TASK TO COMPLETE
Retype exactly the lines below, starting with the line that contains "May include: A" and ending with the last line; leave out any pictures.

SUPPLIED INFORMATION

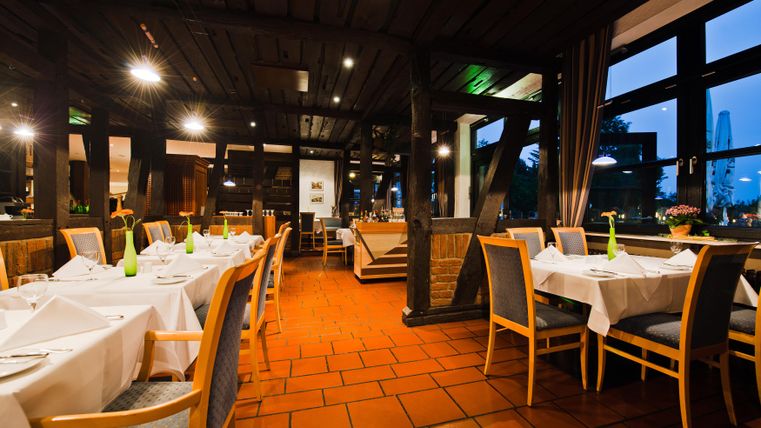 Ein stilvolles Restaurant mit eleganten Tischen und gemütlicher Beleuchtung. Die großen Fenster bieten einen Blick nach außen.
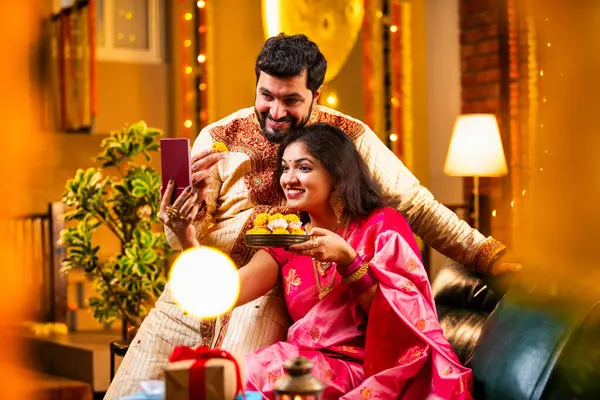 Diwali Video Call 'dan dilek diliyor. Geleneksel Etnik Giyimli Hintli genç çift Diwali Festivali 'nde Işık ve Şölen Dekorasyonu' nda Akrabaları bağlamak için akıllı telefonu kullanıyor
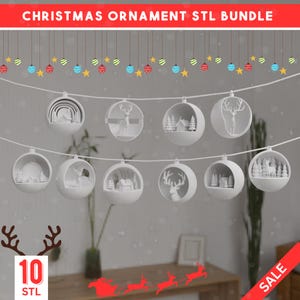 May include: A collection of white Christmas ornaments with winter scenes and reindeer designs. The ornaments are suspended from a string, decorated with stars and baubles. The text "CHRISTMAS ORNAMENT STL BUNDLE" is visible at the top.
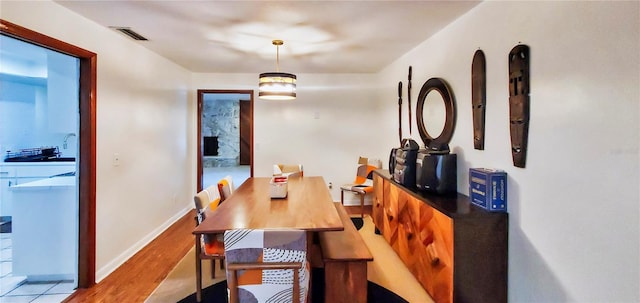 dining space with light wood-type flooring and sink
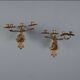 Antique wall sconces in gilded bronze, 20th century, in baroque style.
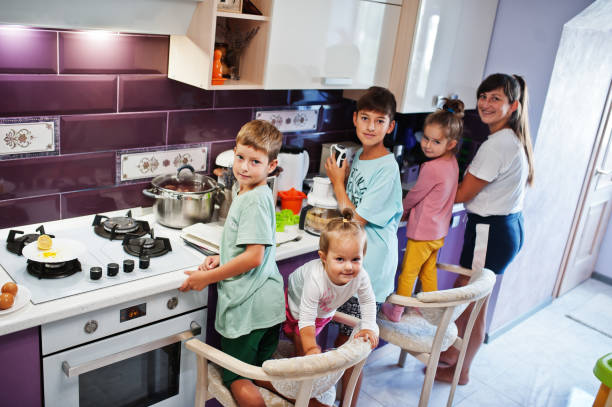 istock Happy children's at kitchen 1341838801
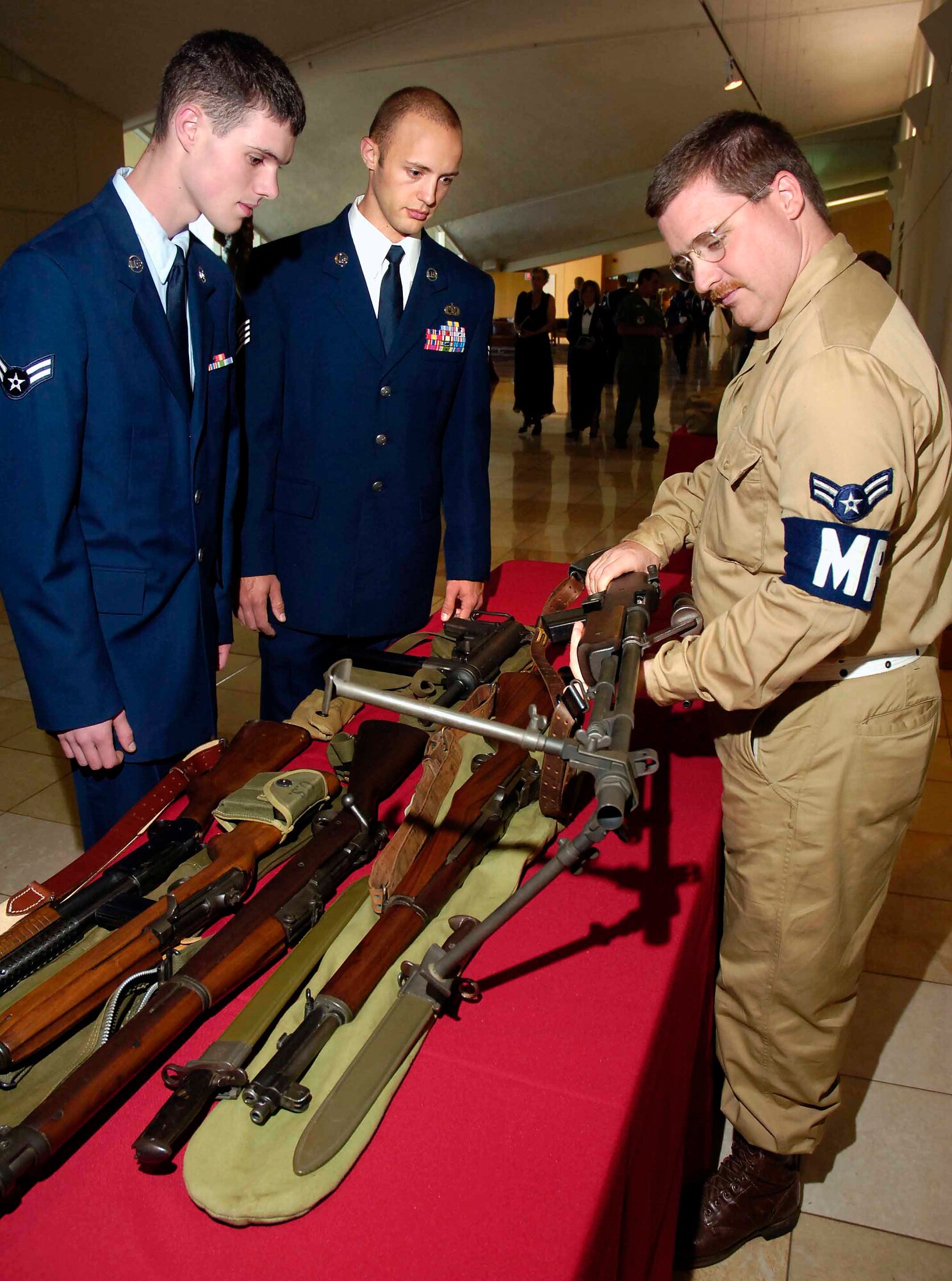 Airman 1st Class Thomas Aderman, 552nd Aircraft Maintenance Squadron, and Staff Sgt. Christopher Tolley, 507th Air Refueling Wing, view World War II and Korean War weapons displayed by a volunteer from the 45th Infantry Division Museum. (Air Force photo by Dave Faytinger)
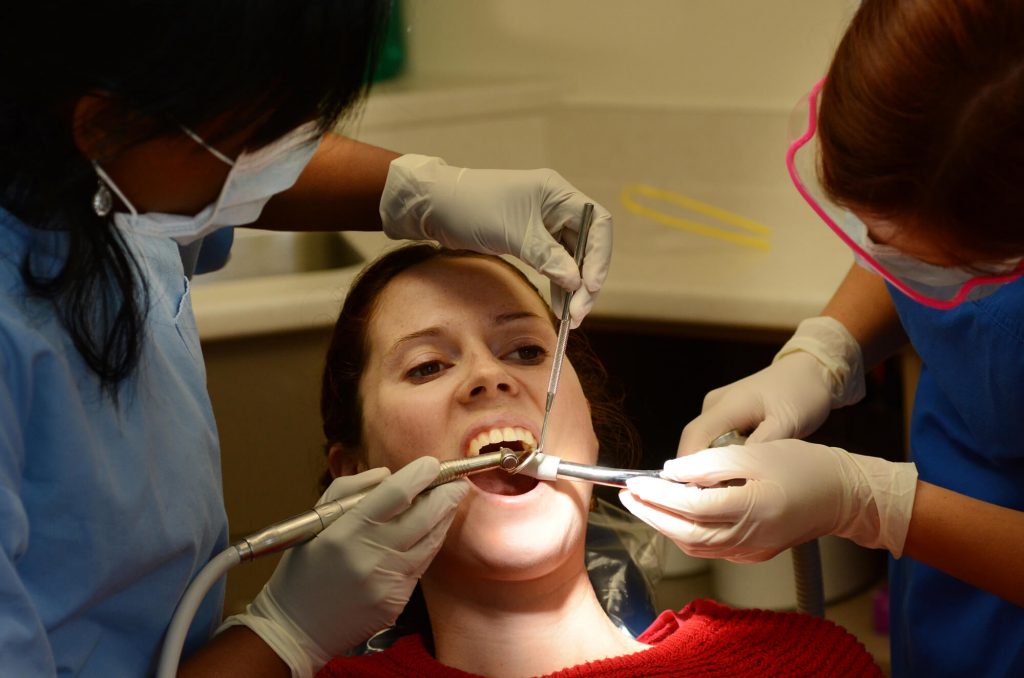 Emergency Dentist in Fort Pierce checks female patient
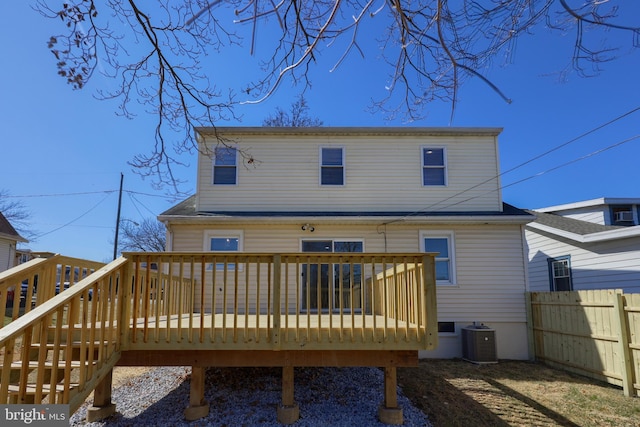 back of house featuring a deck, fence, and central AC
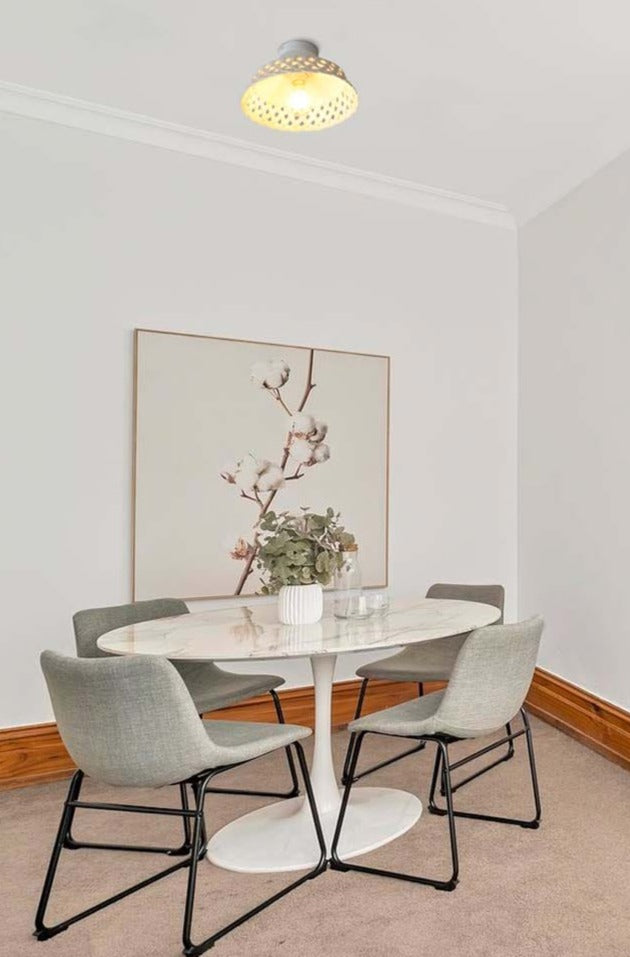 Ceramic flush mount shade over dining table.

RESULT OF THE TASK
 May include: A collection of white Christmas ornaments with winter scenes and reindeer designs. The ornaments are suspended from a string, decorated with stars and baubles. The text "CHRISTMAS ORNAMENT STL BUNDLE" is visible at the top.
 dining space with light wood-type flooring and sink
 Antique wall sconces in gilded bronze, 20th century, in baroque style.
 istock Happy children's at kitchen 1341838801
 Airman 1st Class Thomas Aderman, 552nd Aircraft Maintenance Squadron, and Staff Sgt. Christopher Tolley, 507th Air Refueling Wing, view World War II and Korean War weapons displayed by a volunteer from the 45th Infantry Division Museum. (Air Force photo by Dave Faytinger)
 Emergency Dentist in Fort Pierce checks female patient
 back of house featuring a deck, fence, and central AC
 Ceramic flush mount shade over dining table.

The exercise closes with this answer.